▸ **Task statement**
Would you please copy all of the data exactly, skipping the images?

▸ **Given material**
■ ■ ■

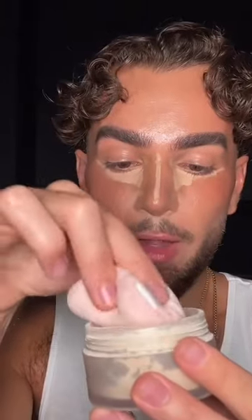Before I go ahead and blend my under eyes with my beauty blender, I'm gonna prep my powder puff with the powder. I'm gonna use my tried-and-true Laura Mercier translucent powder. I'll take my puff and dip it directly into the powder to really coat it, making sure to get the edges coated too, because it helps later on.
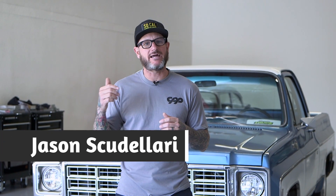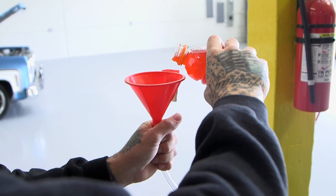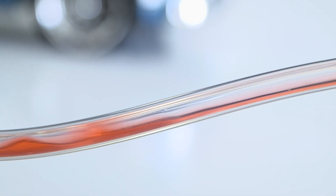We get a lot of questions about gravity bleeding and whether it's a reliable way to get the air out of your brake system, and the answer is no. You're not forcing any air out of your brake lines. As I pour the fluid through the hose, you'll notice the air bubbles at the top. This is because we're not applying any pressure — we're letting gravity do the job.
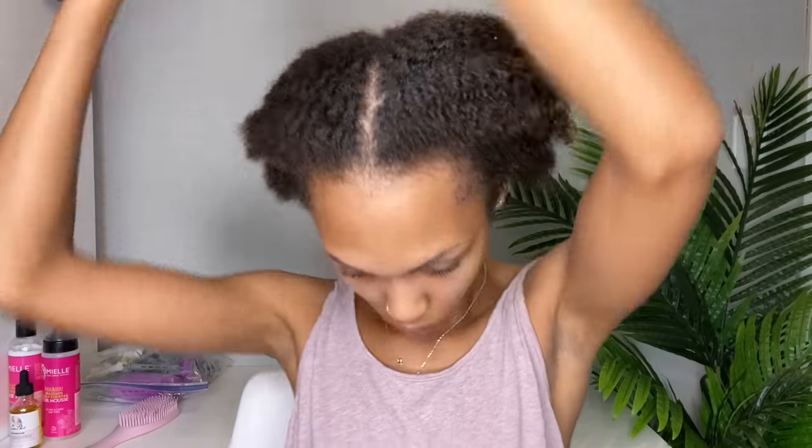Hey you guys, it's Celia and I'm back with another video. Today I will be showing you my first ever perm rod set on my now short natural hair, so if you guys are interested definitely stay tuned.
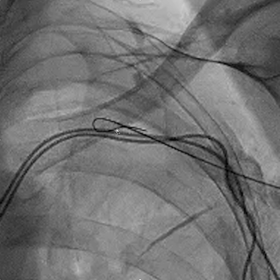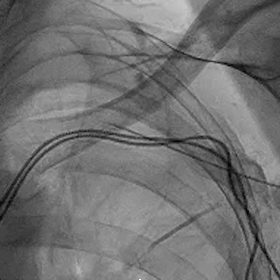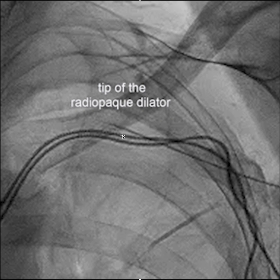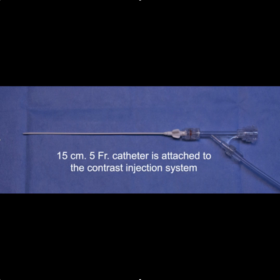Once you get to this point, you don't want to jam the dilator any further because it will disrupt the anatomy and make it more difficult to cross. Gently advance to that point, then withdraw the wire — you can still see the tip of the radiopaque dilator. Once the radiopaque dilator is removed and only the 5 French outside diameter catheter remains, you can't see it.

■ ■ ■

▸ **Expected answer**
Before I go ahead and blend my under eyes with my beauty blender, I'm gonna prep my powder puff with the powder. I'm gonna use my tried-and-true Laura Mercier translucent powder. I'll take my puff and dip it directly into the powder to really coat it, making sure to get the edges coated too, because it helps later on.
We get a lot of questions about gravity bleeding and whether it's a reliable way to get the air out of your brake system, and the answer is no. You're not forcing any air out of your brake lines. As I pour the fluid through the hose, you'll notice the air bubbles at the top. This is because we're not applying any pressure — we're letting gravity do the job.
Hey you guys, it's Celia and I'm back with another video. Today I will be showing you my first ever perm rod set on my now short natural hair, so if you guys are interested definitely stay tuned.
Once you get to this point, you don't want to jam the dilator any further because it will disrupt the anatomy and make it more difficult to cross. Gently advance to that point, then withdraw the wire — you can still see the tip of the radiopaque dilator. Once the radiopaque dilator is removed and only the 5 French outside diameter catheter remains, you can't see it.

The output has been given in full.